Even though I see the language challenges in front of me, I am not overwhelmed. I think the reason for this is because I just did this in Mexico. And as frustrated and stressed I was in the first month, I eventually started getting better. And by the end of that trip, even though I was still far from fluent, I was no longer mute. I came back feeling proud, and I’m ready to start that process again with Portuguese.
Walking out of the plane in Belem, I hopped on the crowded terminal bus barely noticing the pushes and shoves because I was excited to see my parents. It had been 5 long months being countries apart.

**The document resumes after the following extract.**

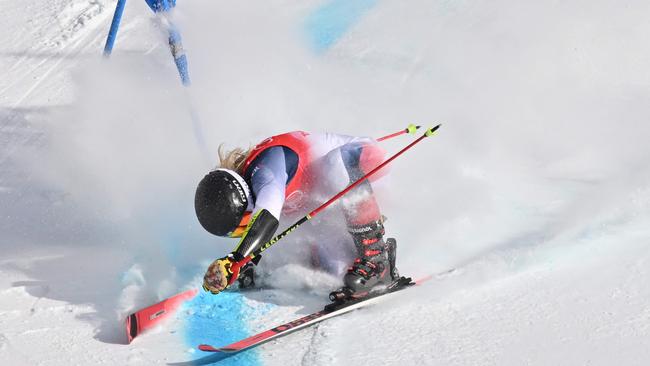 Nina O'Brien hits the gate at high speed. Picture: Joe Klamar/AFP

When I caught sight of them through the glass exit doors from luggage claim, I hurried my step and took a sharp left towards them. Well, apparently I wasn’t watching where I was going because my rolling suitcase got stuck on something. I tried to pull it past the obstacle, but it wasn’t budging. I looked back only to see my suitcase stuck on the staggering, leopard printed stiletto of a very agitated Brazilian women. Forgetting where I was, I quickly said, “Oh my gosh I’m so sorry!” She gave me the death stare as I rearranged the wheel of my suitcase to glide past her daunting 6 inch heel.
Well there is one new Brazilian friend I will not have gained on this trip, hopefully I will have better luck tomorrow. But either way tonight was about my parents. They gathered up my things and took me in the taxi to what was going to be our new shared home.

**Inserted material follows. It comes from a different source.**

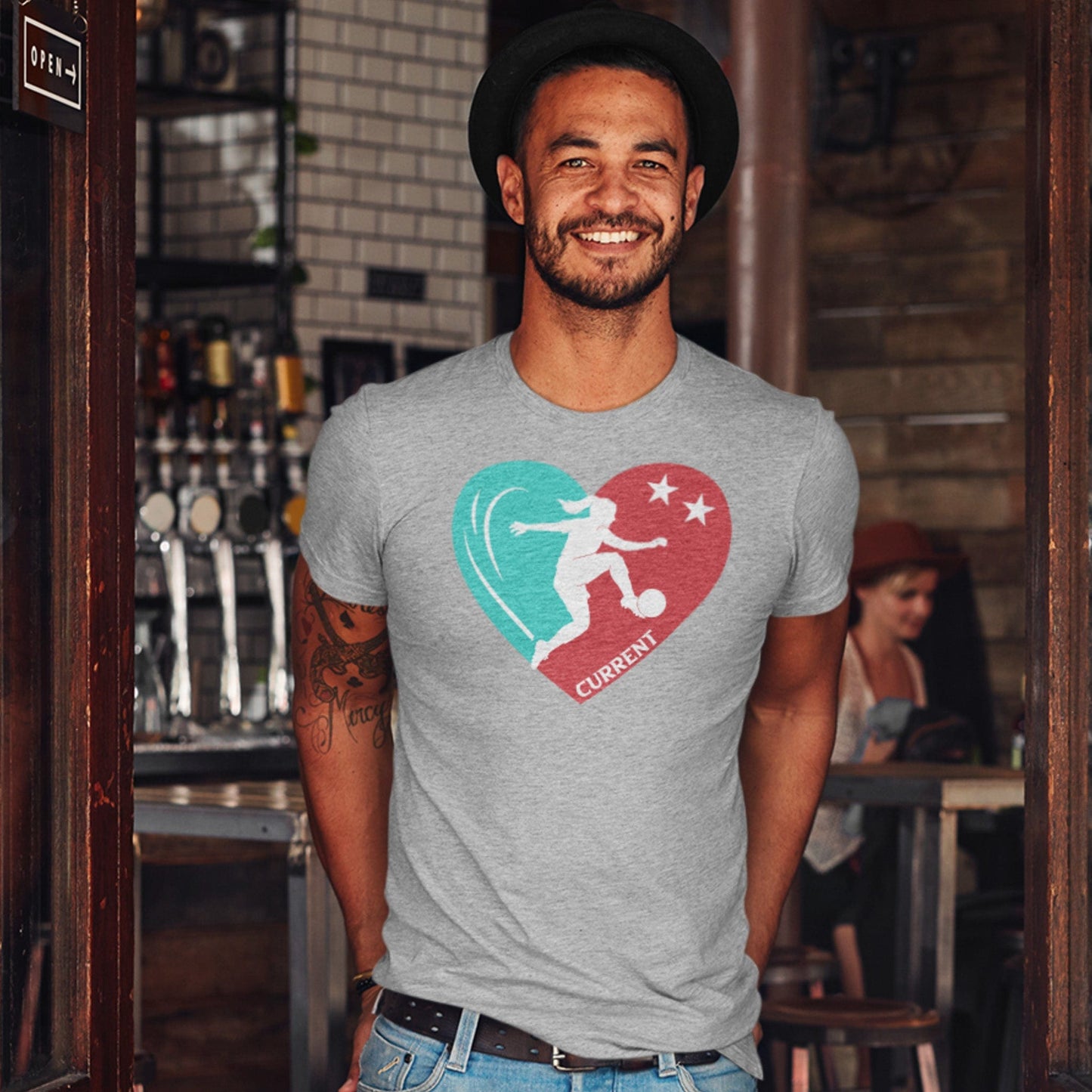 KC Swag Kansas City Current PLAYER HEART on an athletic heather grey unisex t-shirt worn by male model standing in pub doorway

As we were driving, I looked out the windows at the streets. Some streets seemed nice, others very shady. I quickly began to realize this was not going to be like living in the safe town of Merida, Mexico – were you could walk in the streets at midnight alone and be fine. I would have to be more careful here, as in any bigger city. My initial impression of our new neighborhood was by no means sugar coated with my mother’s taxi ride stories.
“We see our friend Bernal there every morning!”
“Oh who is that?”
“He is the rat that lives in the gutter. He runs by every morning and goes Squeak Squeak Squeak!”
….. oh lord.
As we walked up the steps to our apartment, my mother opened the door and I walked in. I took about 4 steps, and then realized I was at the end of the apartment. This 10 ft by 8 ft room was going to be interesting for 3 grown adults to inhabit. The kitchen attaches to a small closet-sized bathroom, that opens up to the main room – consisting of one queen bed for my parents and one hammock for me. It’s no stretch to say that my freshman year dorm room would give this place a run for its money.
But, even though claustrophobia will take on a whole new meaning over these next months, this just comes along with the experience. There are families who have to live in a suffocating small area with even more to house. And somehow it works out.
I know one thing for sure, as the sound of my typing is accompanied by my mother praying the rosary and my father snoring loudly… I will definitely be getting some bonding time with my parents. Whether I like it or not!